▸ What the task asks: How many of the lines below hold the string "Descrição"? Say only the number.

Short text fragments from websites:
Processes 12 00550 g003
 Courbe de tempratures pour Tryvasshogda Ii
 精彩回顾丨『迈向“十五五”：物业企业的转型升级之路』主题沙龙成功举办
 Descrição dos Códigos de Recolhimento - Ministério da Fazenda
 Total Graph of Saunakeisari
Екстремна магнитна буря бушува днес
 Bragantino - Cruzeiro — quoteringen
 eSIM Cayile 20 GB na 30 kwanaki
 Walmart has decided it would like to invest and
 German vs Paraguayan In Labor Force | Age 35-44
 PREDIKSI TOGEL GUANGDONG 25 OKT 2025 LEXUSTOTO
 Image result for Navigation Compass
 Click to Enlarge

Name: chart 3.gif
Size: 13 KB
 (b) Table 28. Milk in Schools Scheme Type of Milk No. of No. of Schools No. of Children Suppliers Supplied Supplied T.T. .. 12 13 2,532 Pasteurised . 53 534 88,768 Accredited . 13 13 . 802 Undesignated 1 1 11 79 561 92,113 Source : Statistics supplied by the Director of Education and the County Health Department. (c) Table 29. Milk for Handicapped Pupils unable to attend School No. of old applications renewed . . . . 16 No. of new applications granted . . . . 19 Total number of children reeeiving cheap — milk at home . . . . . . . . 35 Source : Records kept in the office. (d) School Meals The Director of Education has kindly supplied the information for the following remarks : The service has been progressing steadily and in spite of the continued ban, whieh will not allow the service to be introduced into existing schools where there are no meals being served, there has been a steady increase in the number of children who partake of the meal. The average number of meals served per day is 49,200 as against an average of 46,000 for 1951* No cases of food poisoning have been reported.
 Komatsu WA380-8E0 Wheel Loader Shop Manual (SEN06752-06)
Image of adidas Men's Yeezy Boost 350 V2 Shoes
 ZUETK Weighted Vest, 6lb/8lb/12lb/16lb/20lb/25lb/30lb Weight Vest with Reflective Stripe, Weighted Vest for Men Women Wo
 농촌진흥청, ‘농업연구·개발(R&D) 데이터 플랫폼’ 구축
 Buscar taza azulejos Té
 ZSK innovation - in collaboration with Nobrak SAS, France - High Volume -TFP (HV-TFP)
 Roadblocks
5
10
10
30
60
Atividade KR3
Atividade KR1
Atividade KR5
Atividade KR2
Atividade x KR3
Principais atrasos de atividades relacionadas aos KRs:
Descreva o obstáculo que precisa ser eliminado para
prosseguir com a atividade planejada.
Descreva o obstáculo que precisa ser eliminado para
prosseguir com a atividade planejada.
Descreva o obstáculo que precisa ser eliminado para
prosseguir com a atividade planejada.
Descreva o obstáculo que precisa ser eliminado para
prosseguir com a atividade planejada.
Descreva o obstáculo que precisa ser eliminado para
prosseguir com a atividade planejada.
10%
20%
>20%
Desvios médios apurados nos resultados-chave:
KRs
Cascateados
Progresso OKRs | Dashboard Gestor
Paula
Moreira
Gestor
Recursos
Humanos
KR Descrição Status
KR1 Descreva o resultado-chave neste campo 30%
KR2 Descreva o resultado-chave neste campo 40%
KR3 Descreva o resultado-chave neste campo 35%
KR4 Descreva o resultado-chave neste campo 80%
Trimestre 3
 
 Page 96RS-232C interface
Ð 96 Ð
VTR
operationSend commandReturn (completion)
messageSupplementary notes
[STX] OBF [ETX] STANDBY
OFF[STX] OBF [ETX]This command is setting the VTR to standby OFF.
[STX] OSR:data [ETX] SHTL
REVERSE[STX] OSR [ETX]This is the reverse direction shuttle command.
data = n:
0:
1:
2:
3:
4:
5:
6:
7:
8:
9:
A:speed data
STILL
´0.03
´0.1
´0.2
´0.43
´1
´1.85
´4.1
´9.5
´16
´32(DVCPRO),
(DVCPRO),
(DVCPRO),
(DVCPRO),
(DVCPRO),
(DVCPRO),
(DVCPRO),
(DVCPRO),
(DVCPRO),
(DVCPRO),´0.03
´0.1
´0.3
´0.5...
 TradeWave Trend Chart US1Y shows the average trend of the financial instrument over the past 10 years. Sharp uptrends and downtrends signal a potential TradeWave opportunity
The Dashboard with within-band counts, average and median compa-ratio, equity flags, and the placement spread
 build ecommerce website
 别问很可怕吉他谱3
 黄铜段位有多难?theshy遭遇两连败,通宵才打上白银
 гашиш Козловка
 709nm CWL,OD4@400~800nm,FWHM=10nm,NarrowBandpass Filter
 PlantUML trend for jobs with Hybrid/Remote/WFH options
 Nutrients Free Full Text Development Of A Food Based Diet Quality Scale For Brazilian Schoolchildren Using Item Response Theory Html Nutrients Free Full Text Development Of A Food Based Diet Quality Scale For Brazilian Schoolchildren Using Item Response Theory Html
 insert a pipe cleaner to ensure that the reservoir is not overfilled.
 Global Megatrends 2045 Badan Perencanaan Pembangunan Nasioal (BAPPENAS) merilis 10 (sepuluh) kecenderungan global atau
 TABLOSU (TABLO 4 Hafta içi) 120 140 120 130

▸ Written response: 2